I think the CG Citrus Wash and Gloss has a higher dilution ratio,its 14ml per 2 US gallons.I am not great at maths but its around 540:1.


----------



## Dieni (Jan 25, 2010)

Just managed to get the correct ratio for CG Citrus Wash and Gloss and infact its 1:750 which makes it one of the cheapest to use.


----------



## Car Key (Mar 20, 2007)

Well done :thumb:

I've also compiled a list of shampoo dilution ratios, and also to the same per-10l costing. It's all on a spreadsheet at work, so I can't access it right now.

I've got FK1016 at 1-64 - see here -not 1-256

Never managed to find a ratio for Z-7. Where did you get 1-256?


----------



## Dieni (Jan 25, 2010)

Thanks for the FK1016 dilution ratio. 

I got the dilution ratios which arent listed clearly on the product websites or bottles from searching the forums etc...


----------



## ercapoccia (Nov 14, 2008)

Car Key said:


> Well done :thumb:
> 
> I've also compiled a list of shampoo dilution ratios, and also to the same per-10l costing. It's all on a spreadsheet at work, so I can't access it right now.
> 
> ...


I always use Z7 1 Oz per 2 Gallon and is 1:256 (Official instruction are one cup full each gallon)


----------



## MarkJ (May 13, 2009)

I didn't realise AG BSC had a dilution ratio as high as that. I thought it would have been much lower 

Mark


----------



## MAXI-MILAN (Oct 26, 2008)

Nice work Dieni :thumb:
I bought AG body work shampoo and conditioner 500ml i think the dilution is 1:128 I saw that on the label....I'm not sure .

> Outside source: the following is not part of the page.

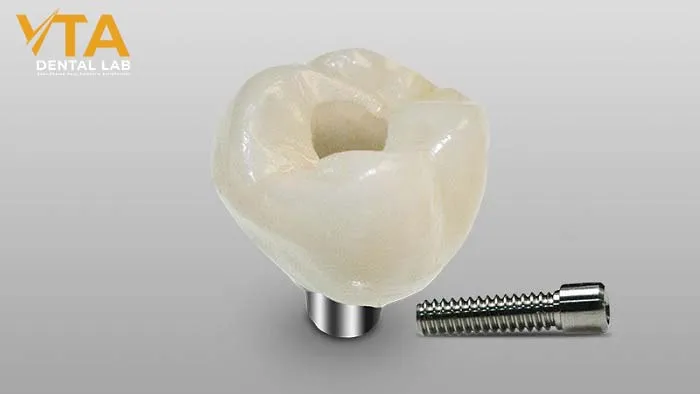 Screw-Retained Crown in the Implant Restorations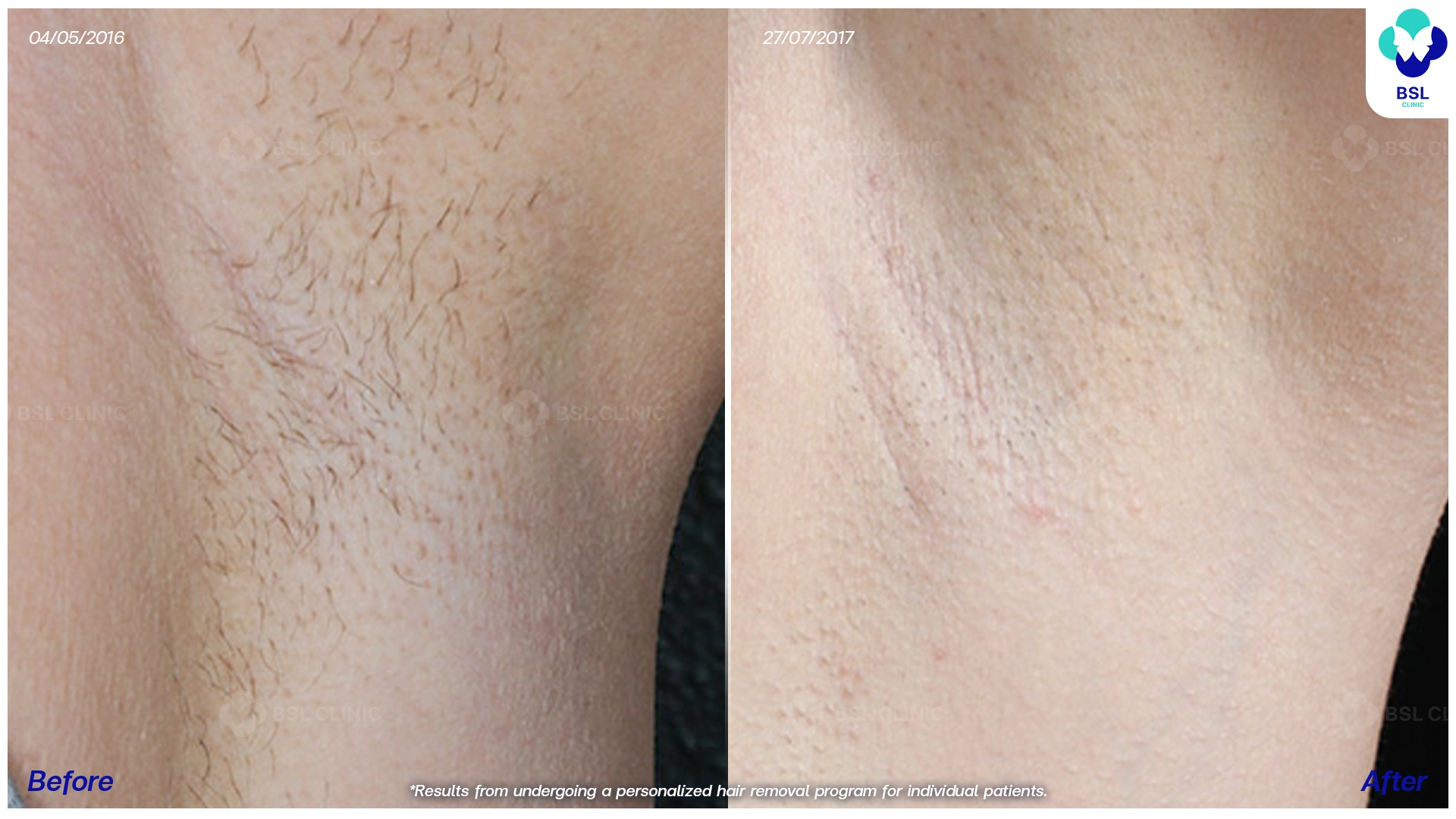 รักแร้เนียน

Update your sample table and Make it grows more :thumb:


----------



## Car Key (Mar 20, 2007)

MarkJ said:


> I didn't realise AG BSC had a dilution ratio as high as that. I thought it would have been much lower
> 
> Mark


 I've got it at 1-500. Checking online, and I can only find reference to 20ml per 10l: http://www.carpages.co.uk/news/autoglym-bodywork-shampoo-conditioner-02-03-10.asp ..so yep, 1-500. It's low foaming, which gets people thinking you need to use more.


----------



## Dieni (Jan 25, 2010)

Will try to keep updating with new shampoos etc...

At the moment I am using AG BSC and infact I find it a really good shampoo and very cheap to use. Its true, it doesnt foam much but it feels really lubricated and the car comes out really clean.


----------



## jgy6000 (May 15, 2007)

how accurate are these dilution ratios in real life?

Is a good wash achieved from sticking to them? Or in reality is a little extra always needed?

Cheers
Jose


----------



## Dieni (Jan 25, 2010)

Not sure about the ratios myself, I gathered the list from the manufacturer advice. I personally think that the amount of shampoo needed depends on several factors of which how dirty is the car, how hard/soft is the water for creating suds etc...

I usually follow the recommeded ratio considering that there would be some kind of testing before these are given.


----------